Reinhold Messner beschreibt seine Triumphe als objektiv völlig nutzlos. Sinnvoll sind sie ihm gleichwohl, eben, weil die Sinnhaftigkeit eines Tuns allein aus dem Inneren kommen muss. Die Jagd nach greifbarem Erfolg führt leicht auf Abwege. Den Sinn legt der Mensch selbst einer Sache bei, in souveräner Entscheidung. Was solcherart mit Herz getan wird, ist meist auch wohlgetan. Es hat nichts gemein mit belanglosem Gemurmel, für das man es halten mag. Ein Mensch, seiner Passion folgend, spielt engagiert, denn alles geschieht einzig und allein um seinetwillen. Eben das hält sein Bemühen immer auch im rechten Maß. Niemandem schuldet er etwas, denn sich selbst. Bedarf es da der Prämien und Pokale? Du kannst Pétanque spielen wie andere ein Musikinstrument. Auch wenn Du niemals auftreten willst, habe einfach Freude daran, Dich immerfort zu verbessern!

Freilich, Wettkampf um große Ziele fördert das Niveau, lässt Anstrengung über Gedeihlichkeit siegen, setzt Reserven frei, bringt Gegner zuhauf, fähig, den Kugeln erfolgreicher zu gebieten, als man selbst es vermag. Der Spieler wächst an der Herausforderung und die Flut hebt alle Boote. Manchem tut das gut, nicht in jedem jedoch bringt es das Beste hervor. Welcher der Welten soll man angehören? 
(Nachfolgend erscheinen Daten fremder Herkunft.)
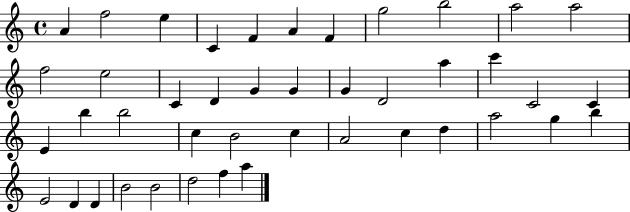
A4/q F5/h E5/q C4/q F4/q A4/q F4/q G5/h B5/h A5/h A5/h F5/h E5/h C4/q D4/q G4/q G4/q G4/q D4/h A5/q C6/q C4/h C4/q E4/q B5/q B5/h C5/q B4/h C5/q A4/h C5/q D5/q A5/h G5/q B5/q E4/h D4/q D4/q B4/h B4/h D5/h F5/q A5/q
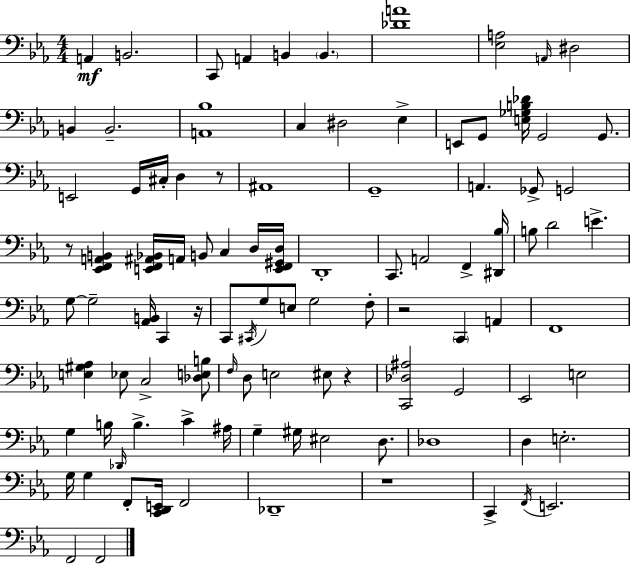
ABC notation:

X:1
T:Untitled
M:4/4
L:1/4
K:Eb
A,, B,,2 C,,/2 A,, B,, B,, [_DA]4 [_E,A,]2 A,,/4 ^D,2 B,, B,,2 [A,,_B,]4 C, ^D,2 _E, E,,/2 G,,/2 [E,_G,B,_D]/4 G,,2 G,,/2 E,,2 G,,/4 ^C,/4 D, z/2 ^A,,4 G,,4 A,, _G,,/2 G,,2 z/2 [_E,,F,,A,,B,,] [E,,F,,^A,,_B,,]/4 A,,/4 B,,/2 C, D,/4 [E,,F,,^G,,D,]/4 D,,4 C,,/2 A,,2 F,, [^D,,_B,]/4 B,/2 D2 E G,/2 G,2 [_A,,B,,]/4 C,, z/4 C,,/2 ^C,,/4 G,/2 E,/2 G,2 F,/2 z2 C,, A,, F,,4 [E,^G,_A,] _E,/2 C,2 [_D,E,B,]/2 F,/4 D,/2 E,2 ^E,/2 z [C,,_D,^A,]2 G,,2 _E,,2 E,2 G, B,/4 _D,,/4 B, C ^A,/4 G, ^G,/4 ^E,2 D,/2 _D,4 D, E,2 G,/4 G, F,,/2 [C,,D,,E,,]/4 F,,2 _D,,4 z4 C,, F,,/4 E,,2 F,,2 F,,2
Das Spielerleben, gewöhnlich zeigt es eine Zwiegestalt. Dem Boulomanen, gezwungen, wöchentlich an vielen Tagen seiner Lust zu frönen, ihm reichen nicht Turnier- noch Trainingstag. So sucht er Gleichgesinnte aufzuspüren, die ebenso wie er, den Kugeln nimmer Ruhe gönnen mögen. So trifft man sich zum freien -edlen- Spiel und misst die Kräfte, für und für. Und eben dann gibt man dem Ursprung dieses Kugelsportes Mal um Mal die Ehre. Freies Spiel und Wettkampfsport, untrennbar sind sie verschmolzen; eine Legierung, mal mehr mal weniger von jedem Element enthaltend. Zwei Seiten einer Münze, die eine nicht denkbar ohne ihren Widerpart.

Marianne - etwa seit 1792 eine Allegorie der Freiheit und gleichzeitig Französische Nationalfigur.
Marianne - etwa seit 1792 eine Allegorie der Freiheit und gleichzeitig Französische Nationalfigur.

Und doch ist diesem nur gedachten Gelde auf einer Seite das Bild der Freiheit eingeprägt. Ich wünschte, es käme häufig obenauf zu liegen und wäre dann geschätzt, als das, was es in Wahrheit ist, das edle, freie Spiel, die Wurzel, aus der alles Weitere sprosst; das Alpha und das Omega unseres Sports. Es ist nicht Vorspeise zum eigentlichen Gang, es ist das Hauptgericht. Es lebt in der Gemeinschaft, im einander Wohlwollen, im Brennen für die Sache, in Empathie und Engagement, im Anerkennen und Gönnen, im Zuschauen und ehrlichem Bewundern, in Spielfreude und Trunk mit Gegner und Partner, es lebt in unendlichem Streben nach Mehrung von Kunst und Leichtigkeit ...Leichtigkeit vor allem - und in allem.

 

Konstantin Arnold schrieb in seinem Artikel: „Man kann die Leute nicht vom Glück überzeugen, wenn sie es nicht selbst in sich tragen. Man kann es nur vorleben und warten und hoffen, dass es sich entfacht. Alles andere ist Zeitverschwendung.“ -

 

Pétanque ist eines der schönsten dummen Dinge der Welt.“

 

Thorsten


[1] Am 13.04.2023 erschien im Magazin der NZZ besagter Artikel, der mich zu meinen Überlegungen anregte. Er ist leider nicht frei zugänglich, weshalb ich erst gezögert hatte, ihn hier zu besprechen. Er enthält jedoch - wie ich finde - wunderbare Einsichten über unseren Sport und es lohnt sich gewiss, ihn zu lesen: https://magazin.nzz.ch/nzz-am-sonntag/nzz-am-sonntag-magazin/wie-man-petanque-wie-ein-profi-spielt-ld.1733730?reduced=true

Die im Text als Zitate kenntlich gemachten Sätze, sind dem Artikel entnommen.